L’environnement visé est celui de l’« économie de l’attention », où de nombreux contenus et dispositifs cherchent à capter l’attention humaine, notamment à des fins publicitaires. L’article avance que cette exposition informationnelle moderne peut avoir des effets sur la cognition. Il ne fournit pas, dans son résumé, de données permettant de mesurer ces effets ni d’établir une relation causale avec des diagnostics de TDAH. Le résumé reste sans données sur ce point.

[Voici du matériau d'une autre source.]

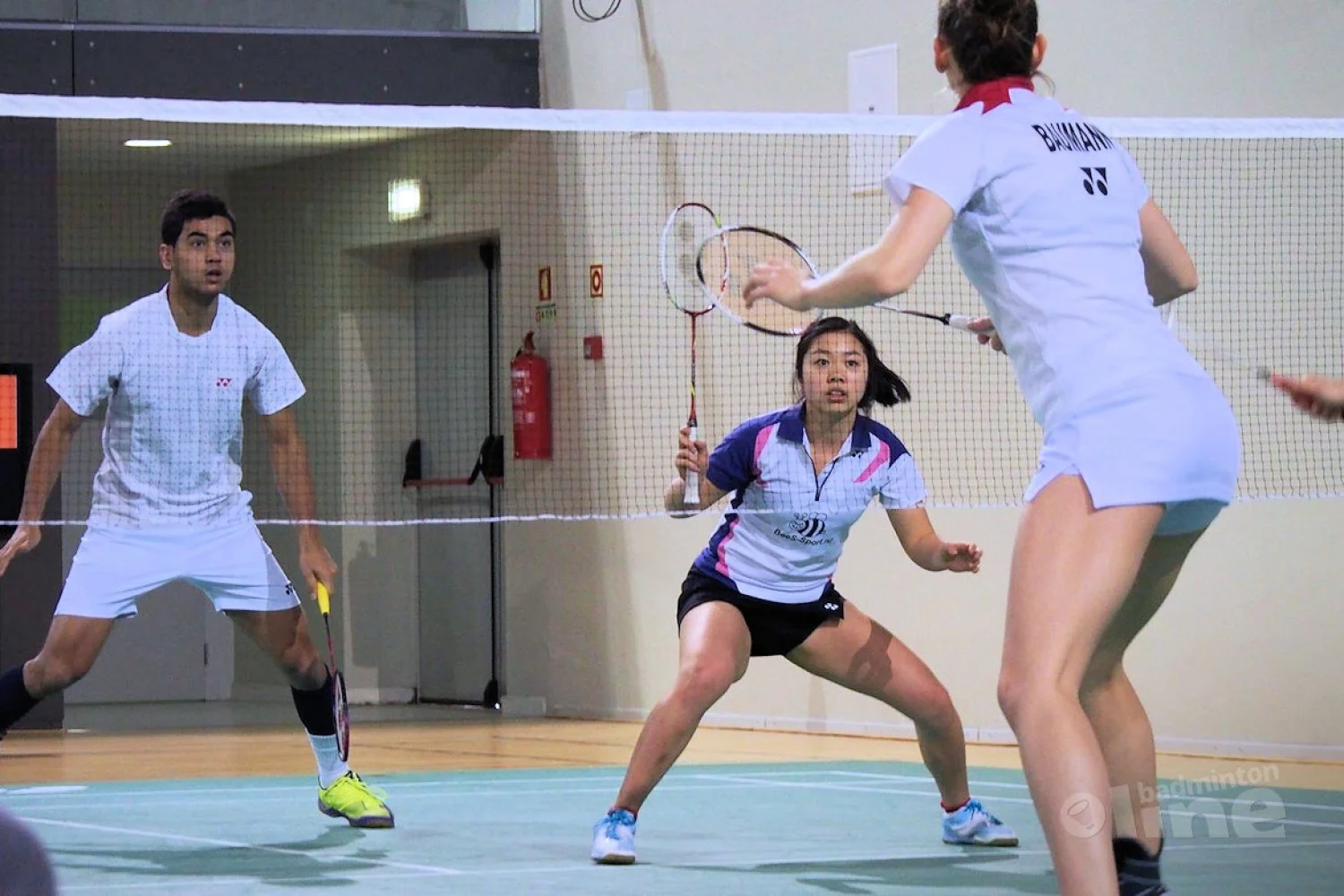 Dutchie Alida Chen cherishes Portuguese three-gamer against Ireland's star player Chloe Magee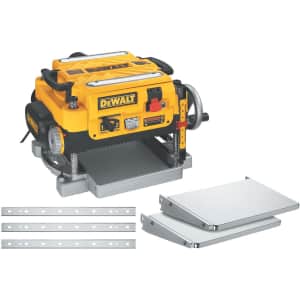 DeWalt 120V 13" 2-Speed Planer Package for $551 DeWalt 120V 13" 2-Speed Planer Package for $551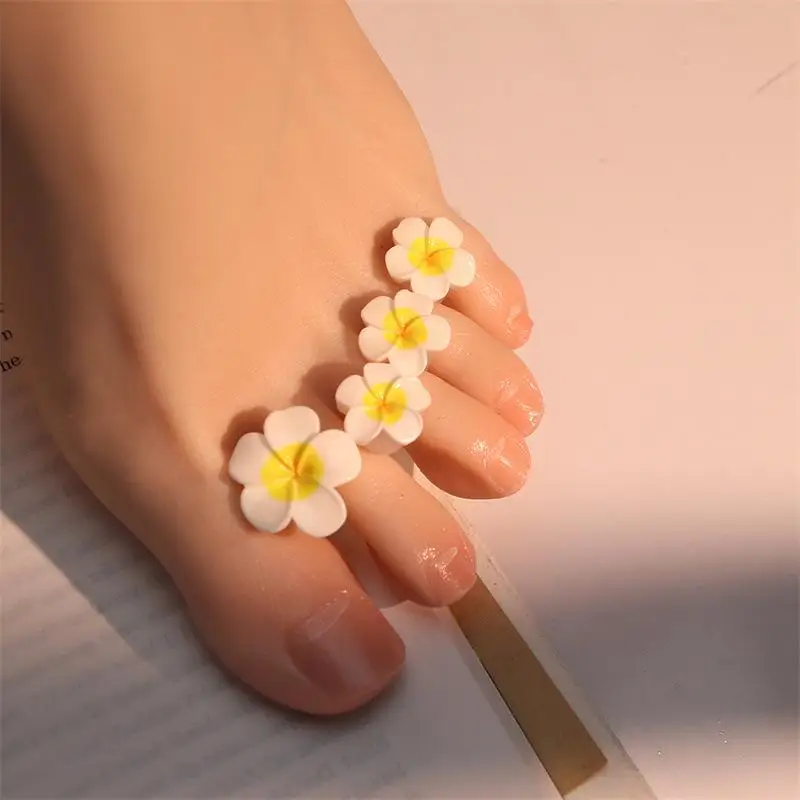 1 Set Nagelkunst-Trenner, weiche Silikon-Zehentrenner, Finger-Trenner, Nagelkunst-Applikator für Pediküre-Salon-Werkzeuge – Detail 17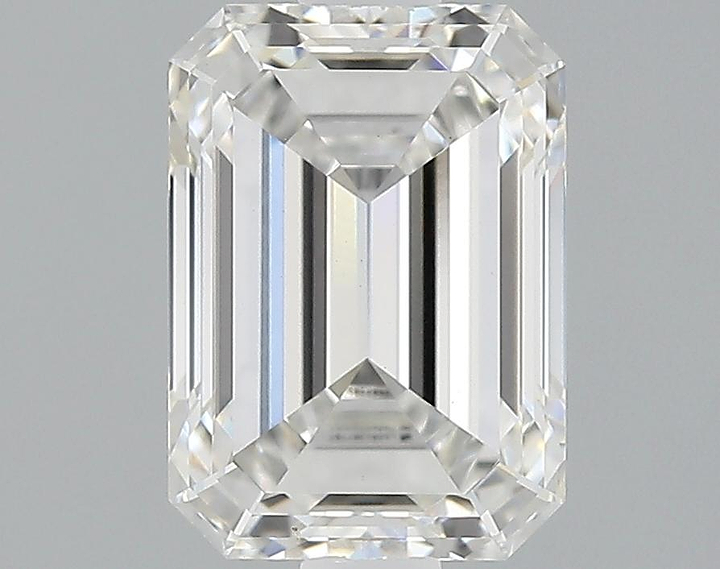 1.34 Carat Emerald Shaped Ideal Cut VS1 IGI Certified Lab Grown Diamond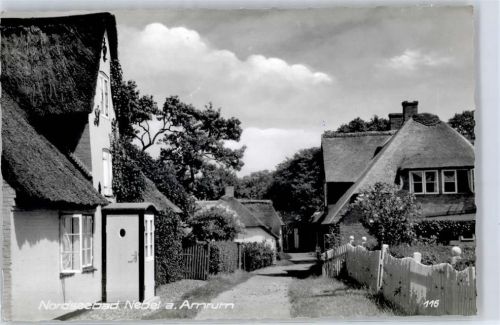 25946 W2278 Nebel , Amrum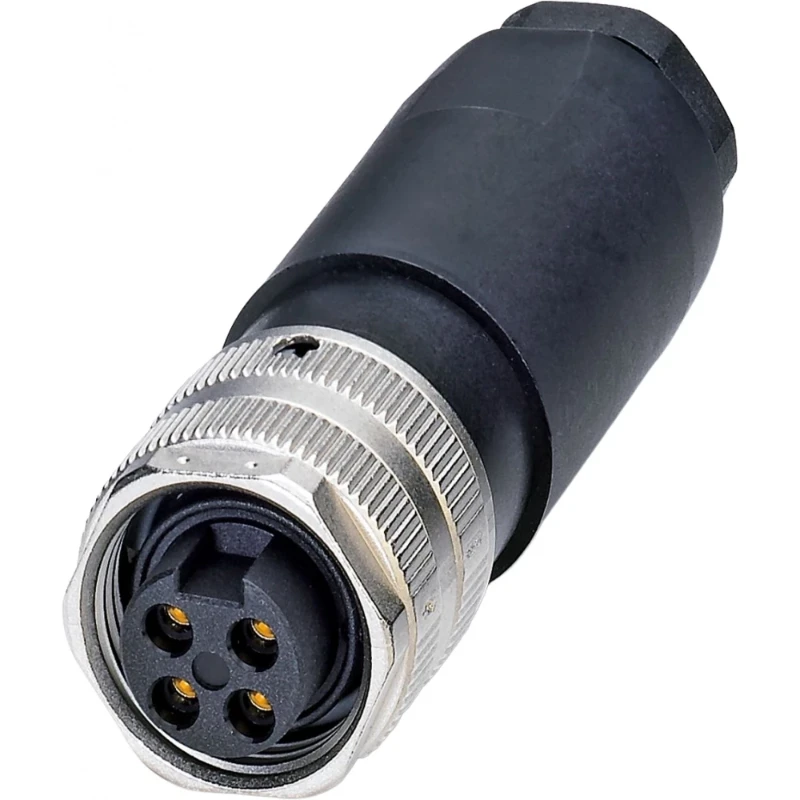 Phoenix Contact Ronde connector veldzijdig confectioneerbaar (industrieconnector)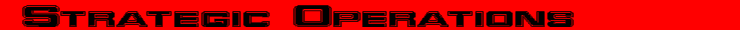 Strategic Operations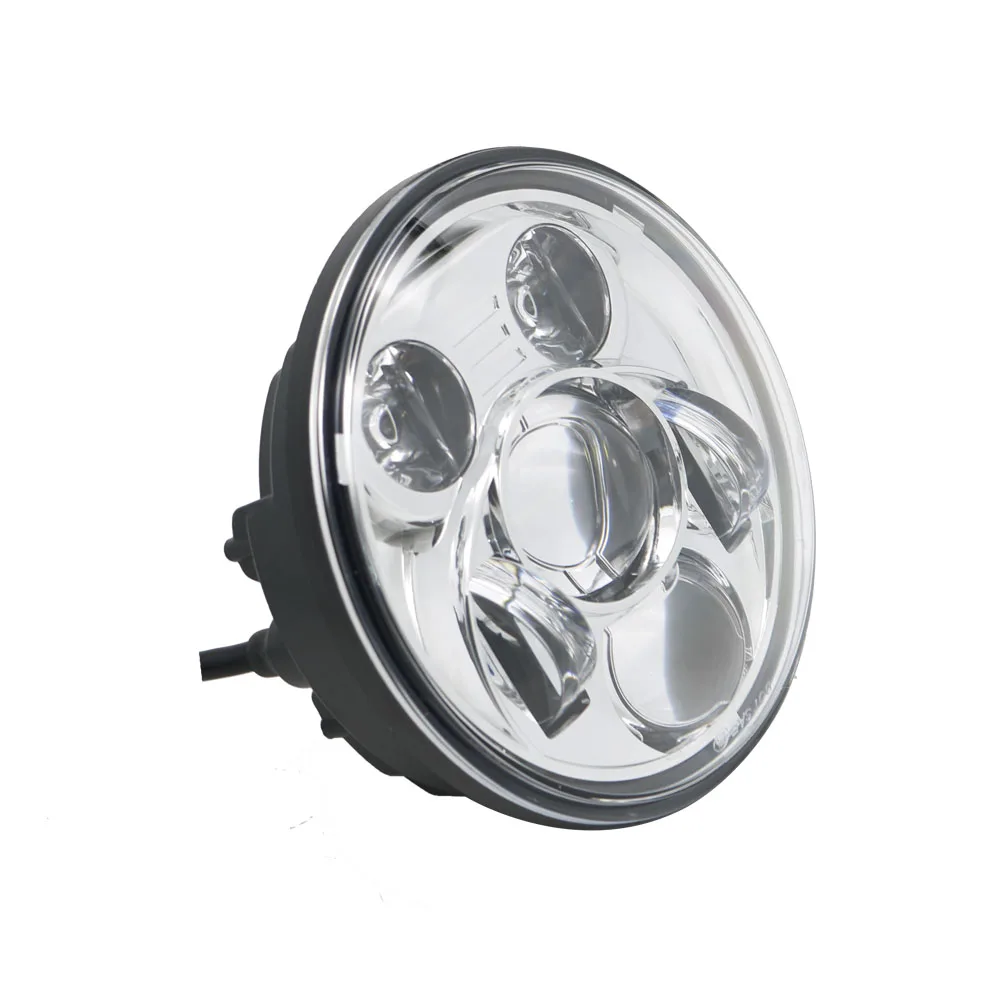 5 3/" светодиодные фары мотоцикла для светодиодных фар DRL angel eye led 5,75" для sportster 883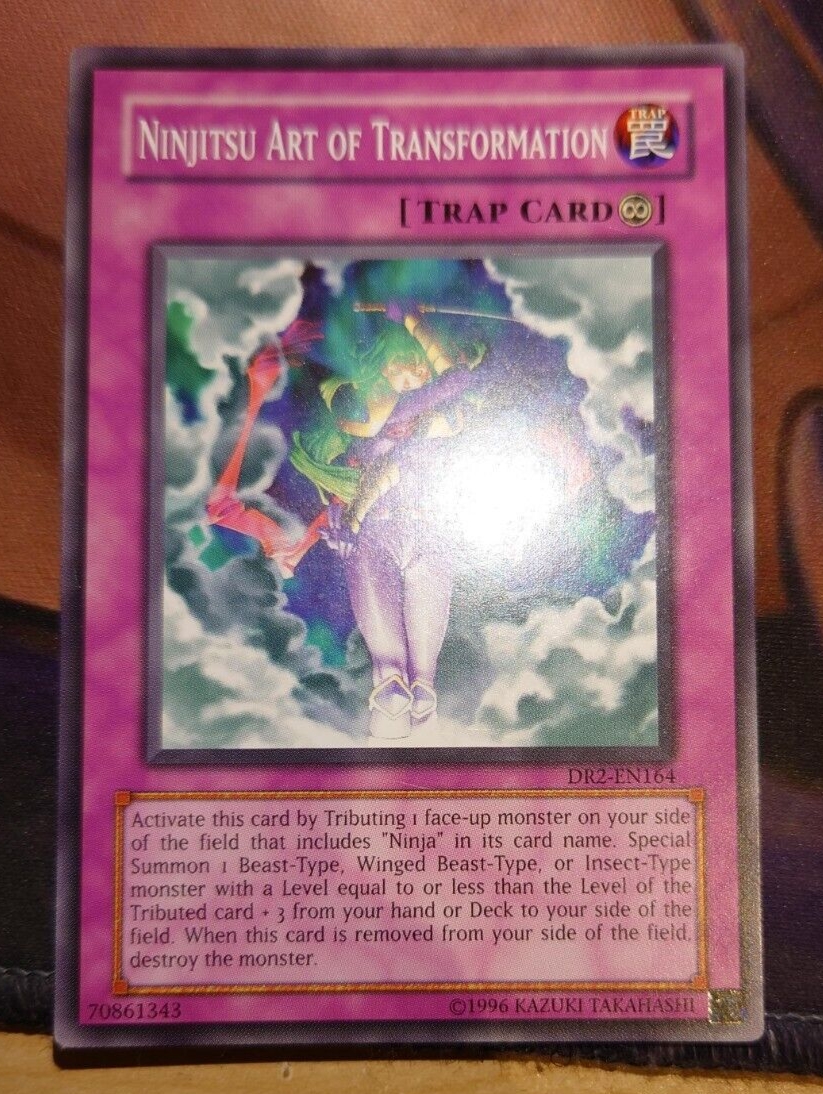 Ninjitsu Art of Transformation - Dr2-en164 - yugioh card | eBay UK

L’auteur appelle la psychiatrie à renouveler son cadre clinique afin de mieux reconnaître l’influence possible de cet environnement sur la cognition. Cette proposition ne signifie pas que les difficultés attentionnelles observées chez un adulte relèvent nécessairement du contexte informationnel, ni qu’un diagnostic de TDAH serait invalidé par celui-ci. Une proposition de cadre clinique qui demande à être examinée dans le texte complet.
- Type d’étude
- non précisé dans le résumé disponible
- Population
- adultes, sans nombre de participants précisé dans le résumé disponible
Ce texte soutient que l’environnement informationnel devrait être mieux pris en compte dans l’évaluation des difficultés attentionnelles adultes, sans fournir dans son résumé de résultats empiriques permettant d’en préciser la portée.